» **Goal of the exercise**
Could you transcribe all of the data exactly and skip any pictures?

━━━ Exercise input ━━━

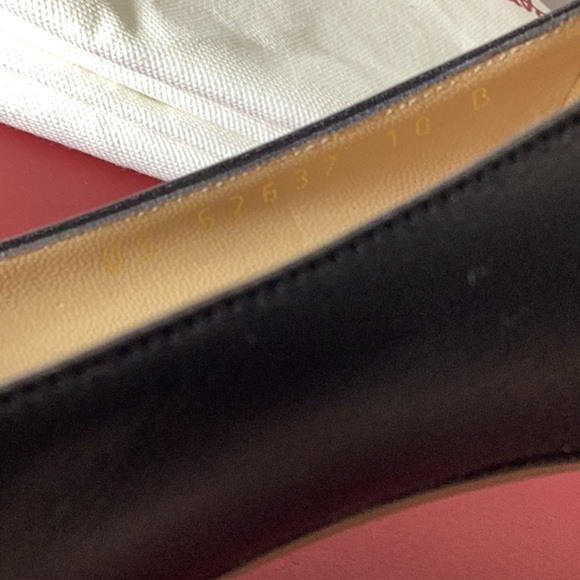 Salvatore Ferragamo Black Leather Women's Pumps - Picture 10 of 11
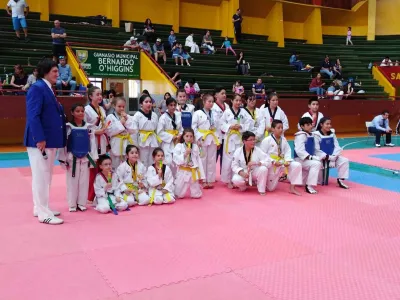 Academia Local In Nae logra primer lugar por equipo en "Copa Combat Kid"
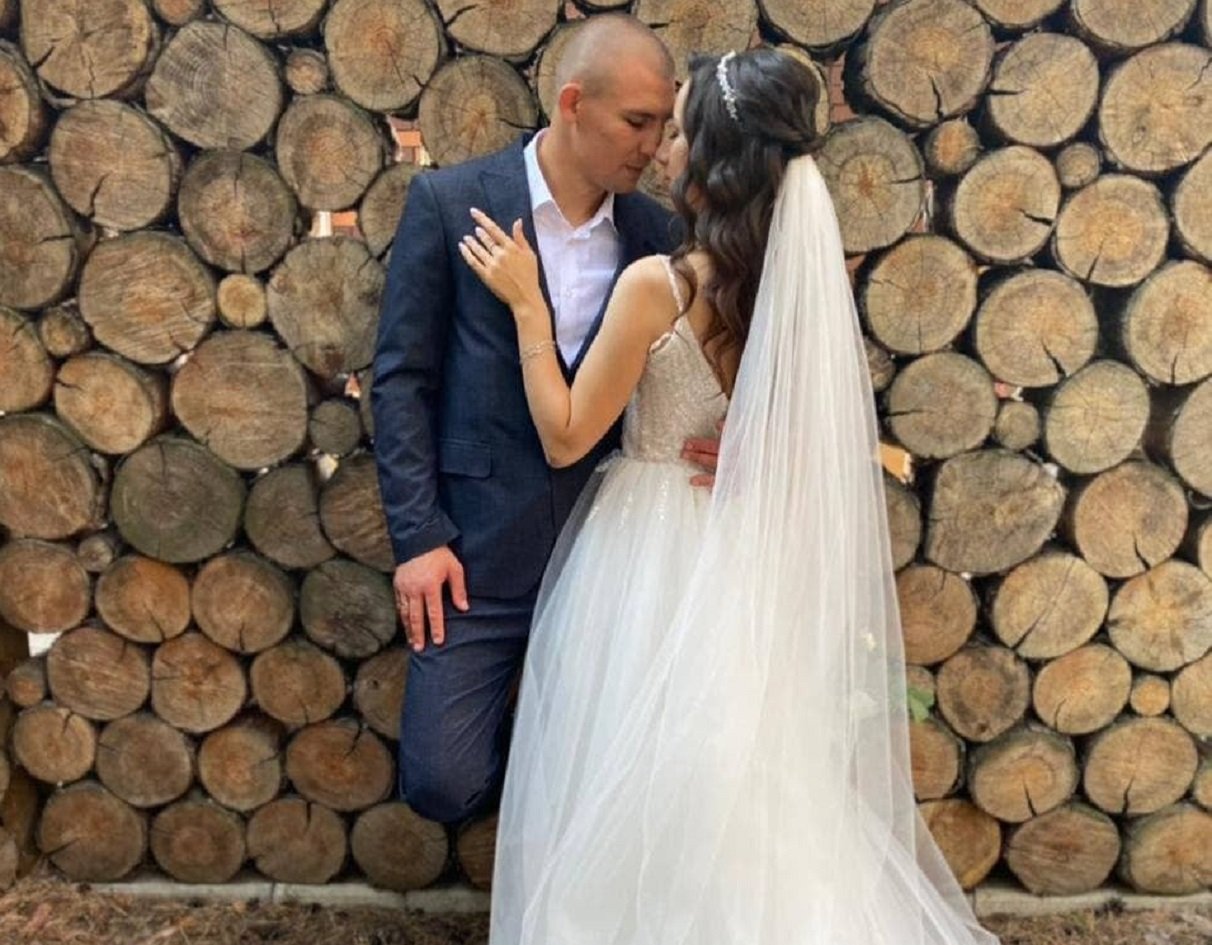 Кращий боксер України Хижняк одружився з красунею з Полтави: фото щасливої пари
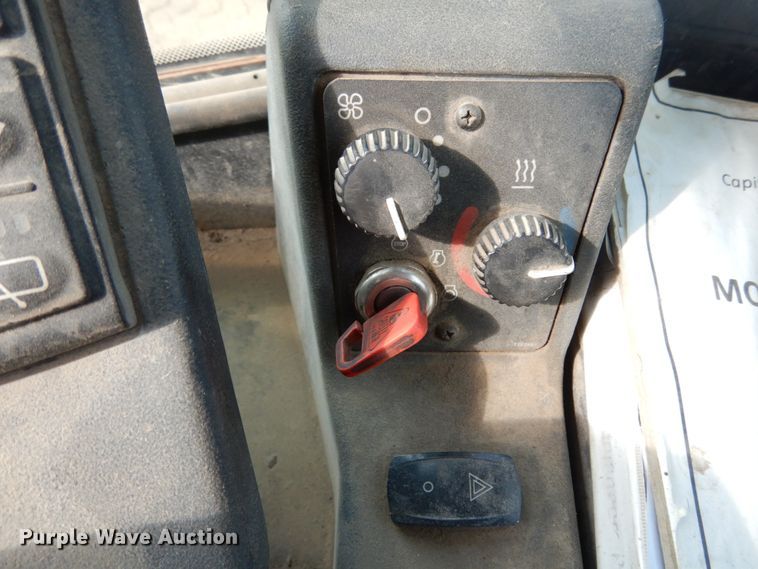 image for item KI9662 2005 John Deere 824J  wheel loader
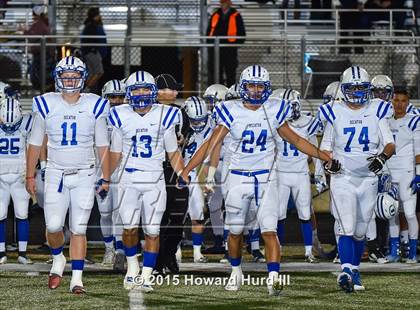 Thumbnail 2 in Decatur vs. Stephenville (UIL 4A Bi-District Playoff) photogallery.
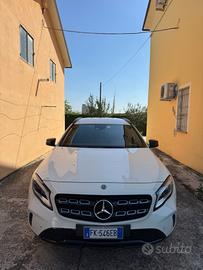 Mercedes-benz GLA 200 d Automatic Premium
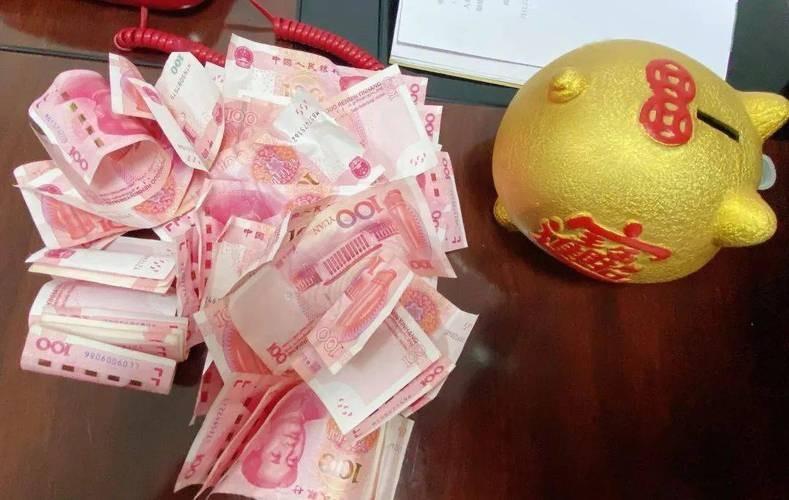 我本来从不藏私房钱的，甚至我自己的工资都跟老公的放在一起花，但是后来坐月子的时候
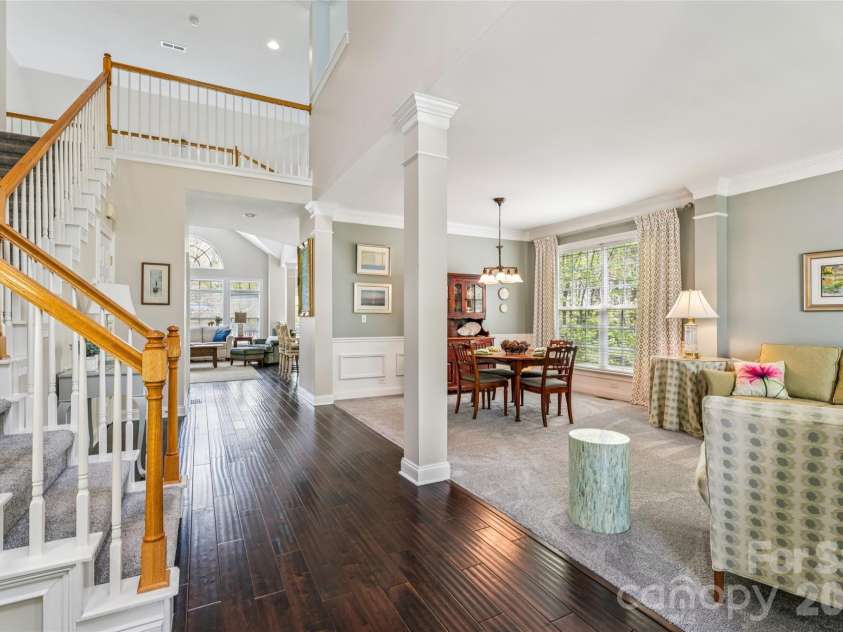 9149 Viscount Lane, Charlotte, NC 28269.  MLS# CAR4364745, YatesRealty ID 9574. 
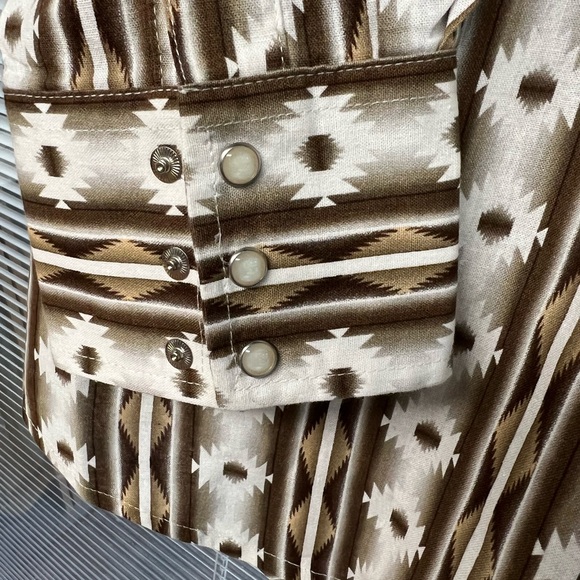 EUC Men’s XLT Wrangler western shirt - Picture 9 of 9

━━━

» **Task result**
 Salvatore Ferragamo Black Leather Women's Pumps - Picture 10 of 11
 Academia Local In Nae logra primer lugar por equipo en "Copa Combat Kid"
 Кращий боксер України Хижняк одружився з красунею з Полтави: фото щасливої пари
 image for item KI9662 2005 John Deere 824J  wheel loader
 Thumbnail 2 in Decatur vs. Stephenville (UIL 4A Bi-District Playoff) photogallery.
 Mercedes-benz GLA 200 d Automatic Premium
 我本来从不藏私房钱的，甚至我自己的工资都跟老公的放在一起花，但是后来坐月子的时候
 9149 Viscount Lane, Charlotte, NC 28269.  MLS# CAR4364745, YatesRealty ID 9574. 
 EUC Men’s XLT Wrangler western shirt - Picture 9 of 9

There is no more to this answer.